Summer is road-trip season, so we're taking a culinary tour of America. But because Portland is a city of immigrants from other states, we don't have to leave town to do it. We're traveling to 50 Portland restaurants to try one distinctive food from each state. We begin with Delaware, which was admitted to the Union on December 7, 1787.
The state: Delaware, also known as the Blue Hen state, the Diamond State, and the Small Wonder, rushed to the head of the line to become the first state to ratify the United State constitution. Though the sixth most densely populated state in the country, it contains no cities with a population over 100,000 people. Its most beloved current home-state celebrity, Aubrey Plaza, is best known for looking bored.

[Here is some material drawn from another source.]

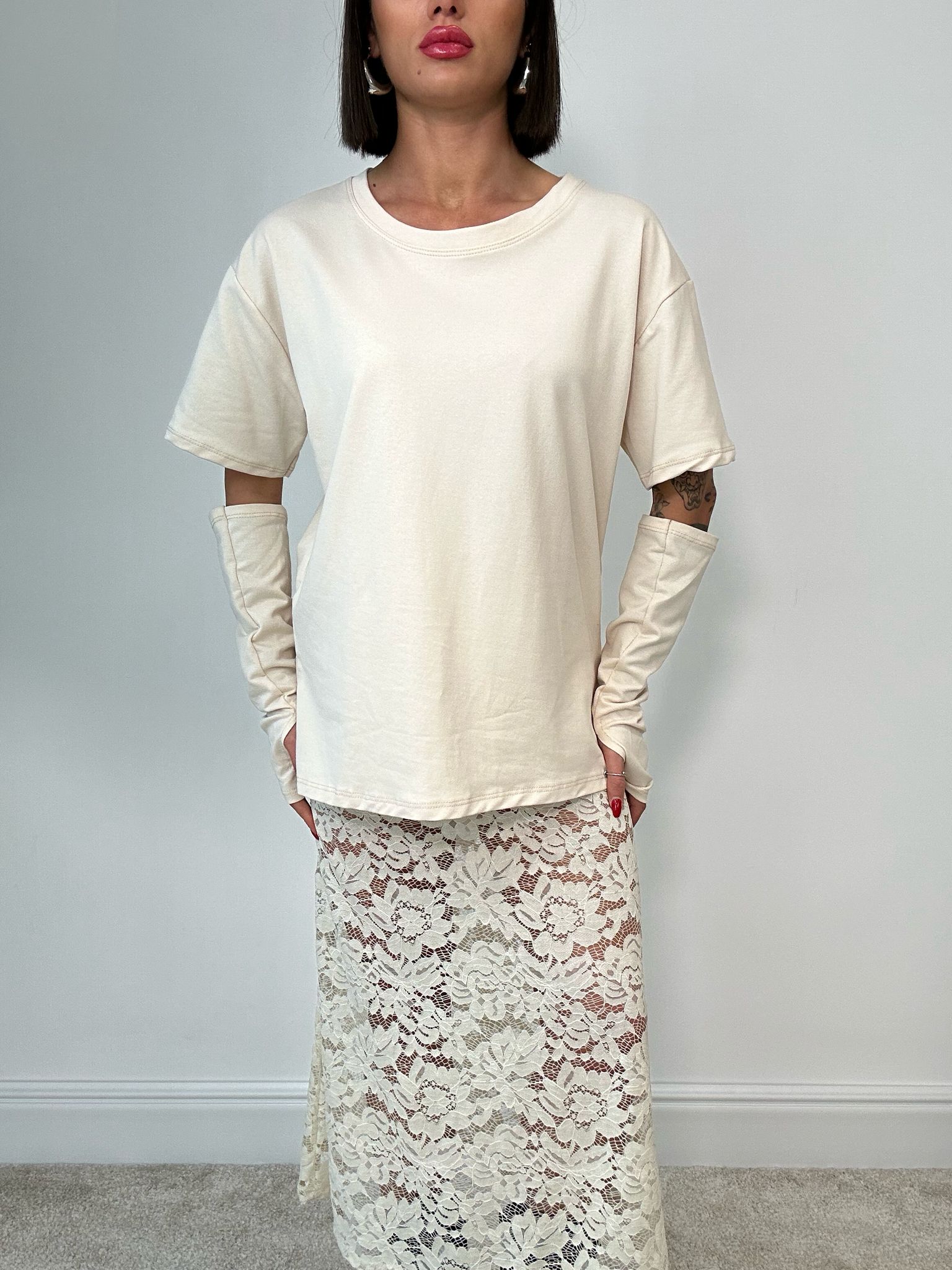 T-Shirt mit Ärmeln - Creme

The food: Scrapple is made of things you don’t talk about in polite company. It is a loaf of slurried pig—snout, eyeball, liver and heart—made mealy with corn and served fried. It is a comfort both wonderful and terrible, like a Sicilian mother or a trip to the zoo. It is also a true American pioneer food, a relic of difficult times when the frugal Mennonites or Pennsylvania Dutch of the mid-Atlantic could not afford to waste a single scrap of meat. And long after its necessity has passed, scrapple has been preserved, like a bug in amber, in the culture of those states. Nowhere loves scrapple more than Delaware. Every October, a beauty queen is named at the Apple Scrapple Festival in Bridgeville, where festivalgoers can also eat scrapple-oyster sandwiches, carve scrapple sculptures and compete in the great scrapple chunkin’ contest—essentially a shot put for meat.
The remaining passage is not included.